Spiritual Extended Family: Generations of Marines | The Navigators Military | Family Working Together in Wood Shop

“There are three things I talk to kids about,” shares Mike. “Their vision for their life, how to make decisions, and how to speak like a mature person. For example, I might ask a 15-year-old boy what he would like his life to look like in 10 years, when he is 25. This helps him consider where he is headed and how he might get there, not just his life right now.”

One night Mike was scheduled to meet with Thomas*. The two spend man-to-man discipleship time together each week. Thomas called and asked if he could also bring his teenage son, Daniel*, along with him, “We are struggling in our relationship and at each other’s throats.”

Mike invited them both into conversation. He knew that Daniel had spent many of his growing up years with Thomas deployed. Now, as Thomas is retiring from the Navy as a Corpsman, he is home more, and they are trying to figure out how to relate to each other. After asking some questions and observing, Mike offered a suggestion for them to try in resolving conflict, “Think about establishing some rules of engagement for when you fight.”

Thomas and Daniel went home that night with an assignment from Mike, and also the knowledge that someone cared deeply about their father-son relationship and would keep walking with them for the long haul.

The extended family of spiritual relationships is evident in Mike’s walks around his neighborhood. Years ago, his vision was that as much as possible, he would invite the people he was training and equipping to live within walking distance in their neighborhood.
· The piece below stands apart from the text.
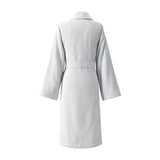 Moon Flowers Shawl Collar Women's Robe by Hugo Boss Home Shawl Collar Bathrobe (Women's) L Moon Flowers at FIG LINENS AND HOME 2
He was aware that for military personnel, part of the sacrifice of service was leaving behind family. So establishing a spiritual extended family ministers to their need for community: “God sets the lonely in families,” Psalm 68:6.   

Now, Mike can walk a few minutes from his home and see Silas and his dad, Jon Martin (Navigators Military), working on an addition to their home. Mike has spent time training Silas in construction skills, as part of Silas’ home school curriculum. Now Silas is putting those skills into practice, along with his dad, on their family home. The Martin family shares the vision of being in an extended spiritual family and will use their new space to host a former Marine as she will go into ministry outreach for women who serve in the Marines.

Praise God that He meets needs for connection and family, along with growing generations of disciplemakers, through Navigators Military. Do you have an extended spiritual family? Who has God placed in your sphere of influence for you to pray for and disciple?

*Names changed.


  1. I spent 28 years in the Marines and I could always count on bible time with Mike at the Protestant Chapel Annex – a warrior of the Word who has faithfully worked with Marines for as long as I can remember – I’m one very appreciative Marine who spent a lot of time away from his family and those times with you and the other Marines helped me through it – thanks Mike!

  2. My spiritual grandmother taught me how to pray, how to trust God and how to care about and pray for my friends and family. She emphasized that there is nothing in life beyond what God can do. Also that He knows what our hearts are concerned about. Her faith was strong and she was nurturing the next generation of believers. I think of her often. Her name was Lady May Stiles, my Sunday School teacher in the fourth through sixth grade. I modeled my time as a Sunday School teacher after her example.